Ketika Ketua Majelis Hakim, Pengadilan Negeri (PN) Sleman, Mulyanto menanyakan soal kuasa hukumnya, dia tampak kebingungan. Karena tidak adanya kuasa hukum yang mendampinginya, terdakwa kemudian menjalani proses sidang tersebut seorang diri.
"Ancaman pidana kasus ini di atas lima tahun. Sehingga terdakwa wajib didampingi pengacara," kata Mulyanto, Kamis (7/2).
Dalam dakwaannya, Jaksa Penuntut Umum (JPU), Jaka Purwanta menjerat Geovanni dengan pasal berlapis. Dakwaan primer yaitu Pasal 7 jo 27 Perpu No 1/2002 yang ditetapkan menjadi UU No 15/2003 tentang Pemberantasan Tindak Pidana Terorisme. Pasal ini memiliki ketentuan ancaman pidana penjara maksimal seumur hidup.

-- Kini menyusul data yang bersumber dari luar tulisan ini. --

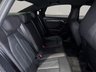USED 2023 23 AUDI A3 1.0 TFSI 30 S line Saloon 4dr Petrol Manual Euro 6 (s/s) (110 ps) 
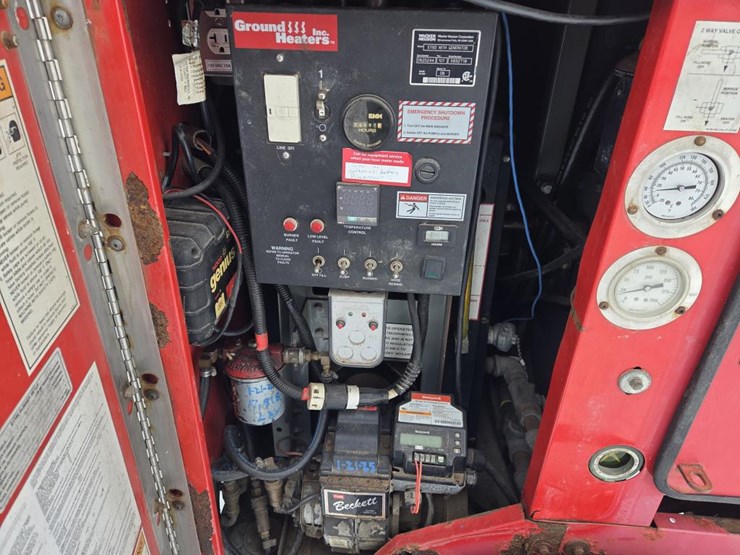 2008-wacker-neuson-e1100-image-19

Sedangkan dakwaan alternatif ke satu Pasal 479 KUHP tentang Kejahatan Penerbangan dan Sarpras Penerbangan. Lalu Pasal 335 ayat 1 KUHP tentang Perbuatan Tidak Menyenangkan. Dalam dakwaan yang teregister dengan nomer perkara 56/PID.B/2013/PN.SLMN
Kejadian itu bermula ketika terdakwa dinyatakan dengan sengaja telah menimbulkan suasana teror bom pada pesawat Lion Air tujuan Denpasar, Bali, Ahad (14/10). Modus yang dilakukan adalah dengan menakut-nakuti pegawai maskapai tersebut, Yuli Purwanto melalui telepon.
Setelah adanya telpon itu, operator maskapai lalu melakukan pengecekan terhadap pesawat Lion Air JT 568. Pihak Gegana Brimob Polda DIY juga diterjunkan untuk menyisir lokasi bandara. Namun tidak ditemukan barang berbahaya.
"Ini semua hanya salah paham," kata Geovani usai persidangan tersebut.